--- INSTRUCTIONS TO FOLLOW ---
Using the material below, print the line that contains "Cult of the", the line that contains "3.22 CoC Ice", and every line in between, exactly and nothing else.

--- TASK INPUTS ---
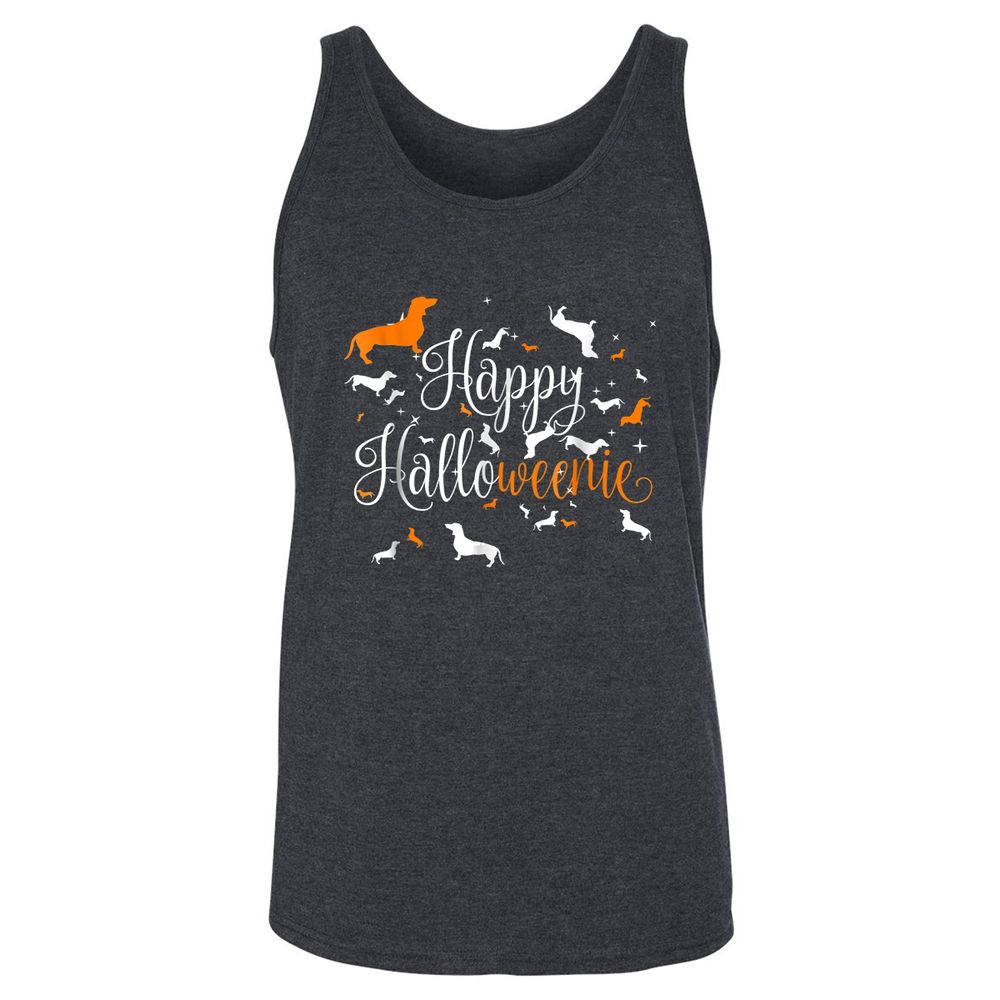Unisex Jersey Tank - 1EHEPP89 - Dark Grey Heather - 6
--
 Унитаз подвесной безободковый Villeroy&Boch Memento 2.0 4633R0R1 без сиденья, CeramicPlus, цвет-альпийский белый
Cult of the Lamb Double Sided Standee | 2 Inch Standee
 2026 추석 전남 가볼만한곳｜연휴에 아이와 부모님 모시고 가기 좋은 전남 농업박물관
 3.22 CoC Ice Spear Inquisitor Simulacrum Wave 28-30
---
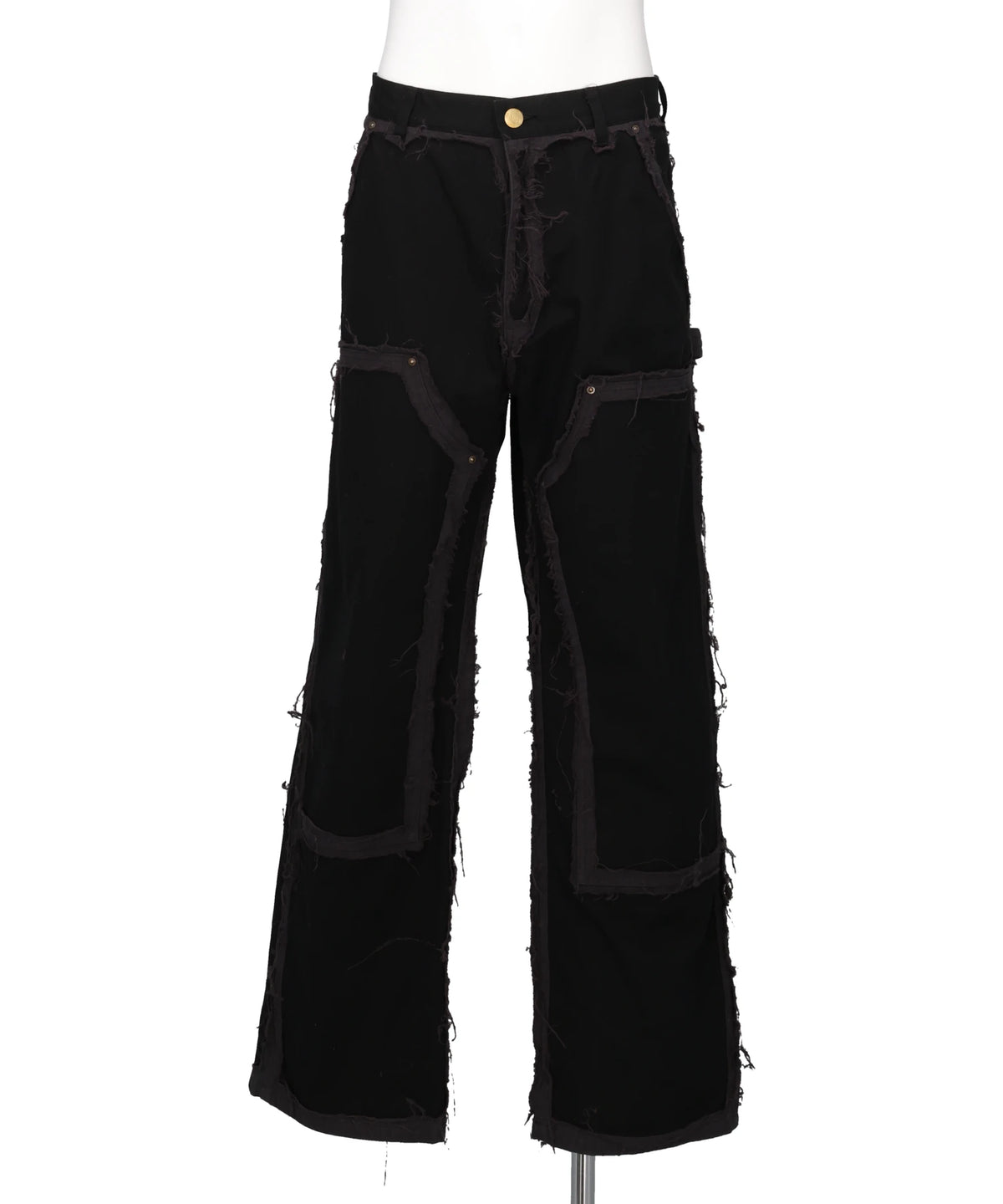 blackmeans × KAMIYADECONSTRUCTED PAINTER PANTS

--- WRITTEN ANSWER ---
Cult of the Lamb Double Sided Standee | 2 Inch Standee
 2026 추석 전남 가볼만한곳｜연휴에 아이와 부모님 모시고 가기 좋은 전남 농업박물관
 3.22 CoC Ice Spear Inquisitor Simulacrum Wave 28-30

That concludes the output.